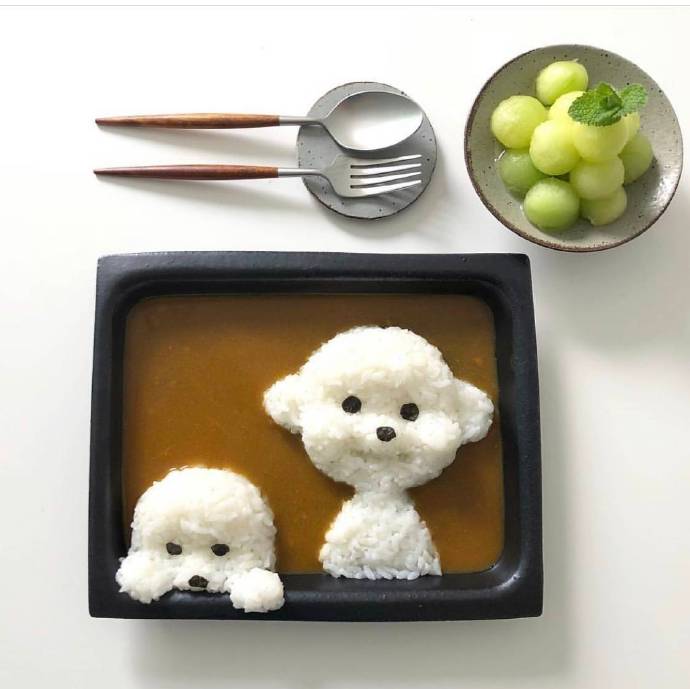 点击大图看下一张：韩国妈妈为孩子制作的可爱餐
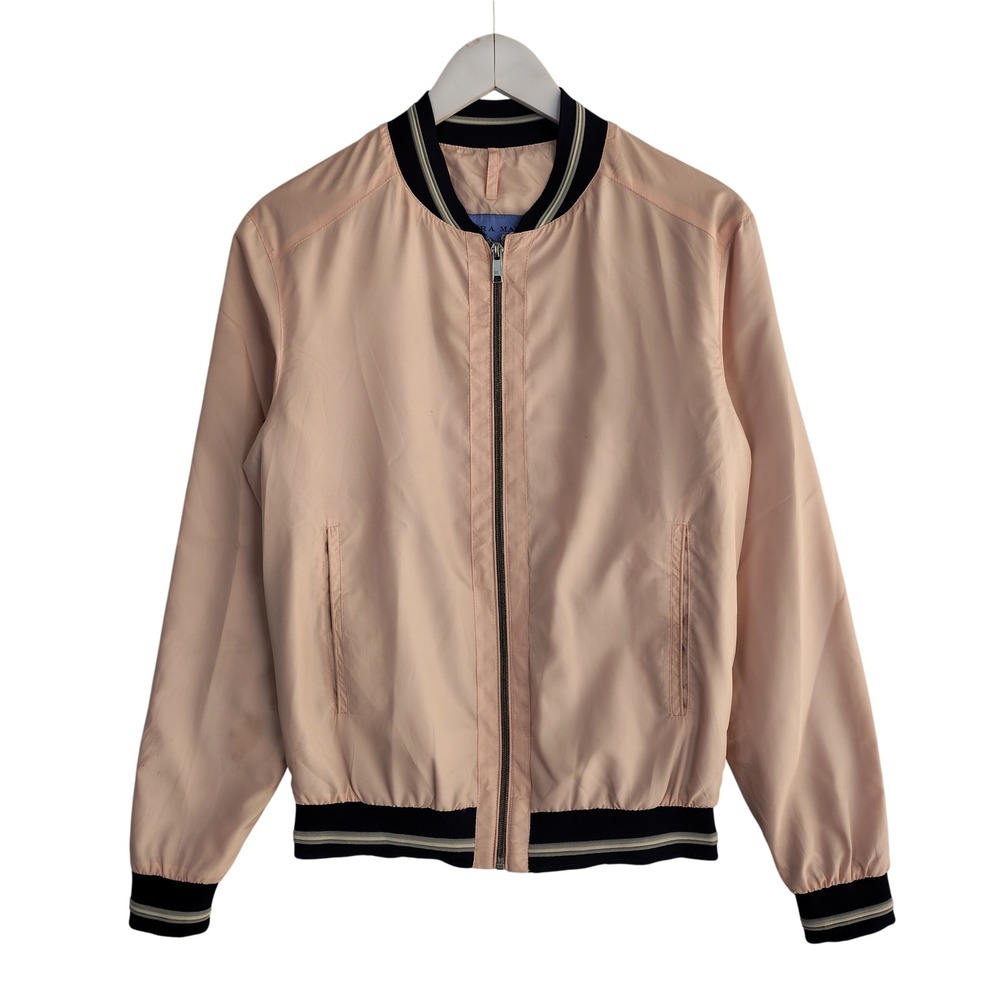 Zara Man Blush Pink Bomber Jacket Mens Small Full Zip Varsity Ribbed Trim Light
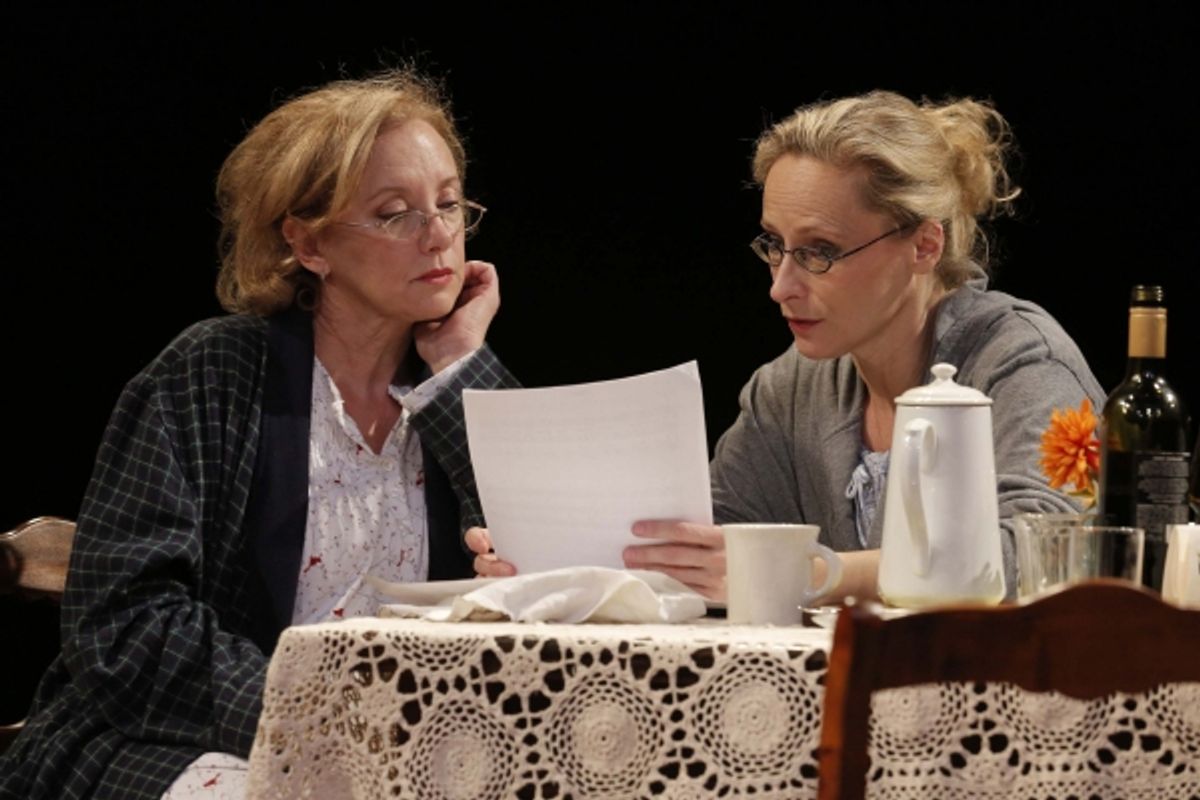 J. Smith-Cameron and Laila Robins in Sorry, written and directed by Richard Nelson, a Public Lab production running through November 18 at The Public Theater at Astor Place. Photo Credit: Joan Marcus. at 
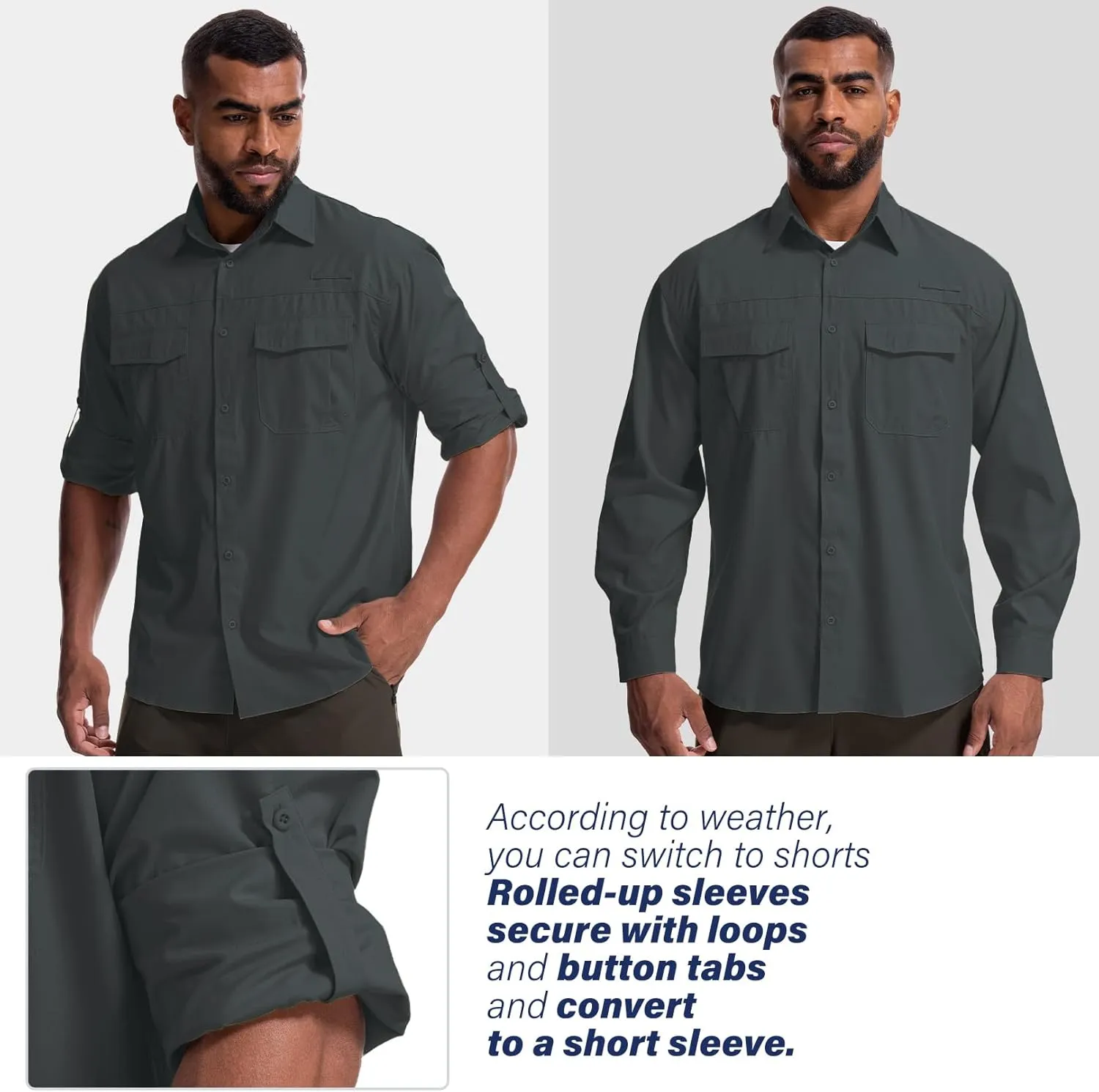 Mens Safari Sun Shirts UPF 50  UV Sun Protection Long Sleeve Outdoor Quick Dry Fishing Hiking Gardening Shirts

_ _ _ _

◆ ASSIGNMENT: Leave out every picture, and copy exactly the lines from the line that contains "Zara Man Blush" through the end of the material.

◆ YOUR RESPONSE:
 Zara Man Blush Pink Bomber Jacket Mens Small Full Zip Varsity Ribbed Trim Light
 J. Smith-Cameron and Laila Robins in Sorry, written and directed by Richard Nelson, a Public Lab production running through November 18 at The Public Theater at Astor Place. Photo Credit: Joan Marcus. at 
 Mens Safari Sun Shirts UPF 50  UV Sun Protection Long Sleeve Outdoor Quick Dry Fishing Hiking Gardening Shirts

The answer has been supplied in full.